Closed mmuckley closed 1 year ago
Actually the problem is the version from PyPI pulls in an older version of pytorch lightning. It is this commit https://github.com/facebookresearch/fastMRI/tree/c2432ff892b1af2e0520727c6913db0f39e23f8c that corresponds to fastmri==0.1.1
and that version will only work with older versions of PyTorch (I think 1.8 or older). I think the main issue is really the instructions, it says install PyTorch according to your platform and points to the PyTorch get started site. Those instructions will probably get you PyTorch 1.10 or 1.11, which will not work if you subsequently do pip install fastmri
. It will work if you install from source pip install -e .
since the requirements are a higher version of pytorch lightning.

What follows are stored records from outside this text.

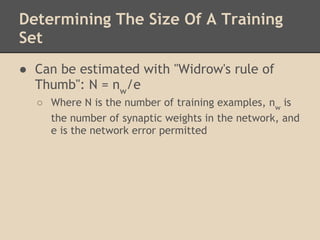 Determining The Size Of A Training
Set
● Can be estimated with "Widrow's rule of
  Thumb": N = nw/e
    ○ Where N is the number of training examples, nw is
      the number of synaptic weights in the network, and
      e is the network error permitted
 
 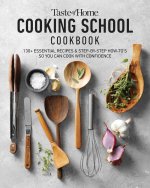 Taste of Home Cooking School Cookbook: Learn to Cook the Meals You Can Rely on Forever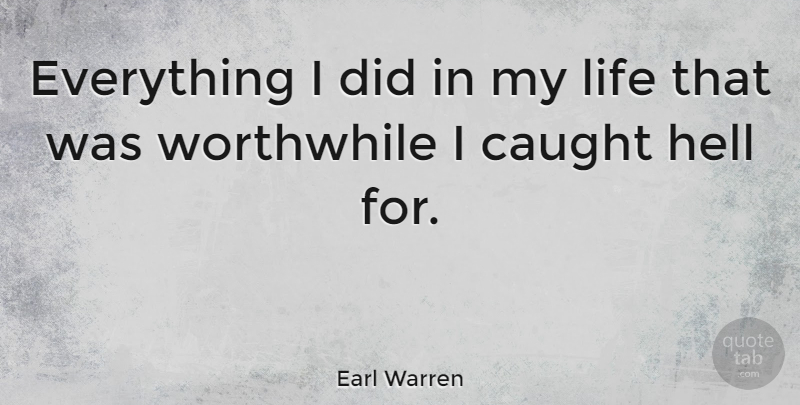 Earl Warren Quote About Determination, Hell, Worthwhile: Everything I Did In My...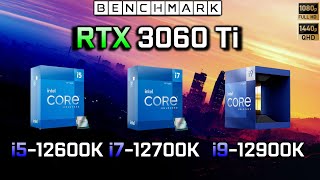 RTX 3060 Ti  i5 12600K vs i7 12700k vs i9 12900k  Benchmark  Test in 6 Games [upl. by Keely684]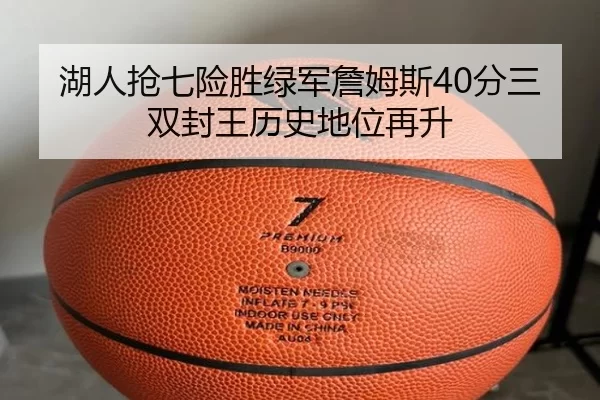 湖人抢七险胜绿军詹姆斯40分三双封王历史地位再升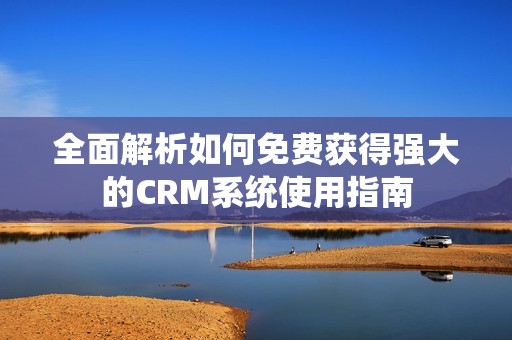 全面解析如何免费获得强大的CRM系统使用指南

There is an additional issue, if you do go with the pypi package and an older version of pytorch, you probably end up trying to train with a container image like pytorch/pytorch:1.8.0-cuda11.1-cudnn8-devel
. I have not dug in, but you will get an error when trying to import torchtext in that image, so that package either has to be removed or you need a later image (which then exposes you to the problem above).
So I don't think there are major issues, but the instructions on the README are likely to lead you to a state where you can't train.

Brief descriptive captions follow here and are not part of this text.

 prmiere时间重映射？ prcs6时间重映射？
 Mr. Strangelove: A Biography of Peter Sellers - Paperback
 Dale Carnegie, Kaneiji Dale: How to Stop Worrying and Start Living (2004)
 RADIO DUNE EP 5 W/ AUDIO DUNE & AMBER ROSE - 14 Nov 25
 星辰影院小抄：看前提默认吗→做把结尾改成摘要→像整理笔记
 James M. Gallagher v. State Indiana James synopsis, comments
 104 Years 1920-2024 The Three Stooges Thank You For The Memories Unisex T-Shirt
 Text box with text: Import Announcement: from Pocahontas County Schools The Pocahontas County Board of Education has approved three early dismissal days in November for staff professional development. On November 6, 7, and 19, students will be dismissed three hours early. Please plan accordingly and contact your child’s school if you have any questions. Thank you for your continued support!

I think a simple fix might be to release a new pypi package (0.1.2 or some such thing) from the latest version of the code.
Very nice find @hansenms. I think we can probably do a new release given the merge of PR #205.
Okay @hansenms I just did a new release of the package. Installation should work better now. Let me know if you encounter any other issues.
Closing as the issue seems to be resolved.
Some users have reported that the fastMRI from PyPI will install a newer version of PyTorch Lightning than is listed in requirements.txt. This version of PyTorch Lightning seems to have some bugs that throw exceptions when training for DDP. Resolution will likely require testing some new versions of PyTorch Lightning and potentially tweaking the modules.
If anyone has PyTorch Lightning dependency issues, it would help to share them here along with the versions of PTL, fastMRI and PyTorch that you're using so that we can get a better picture of what's going on.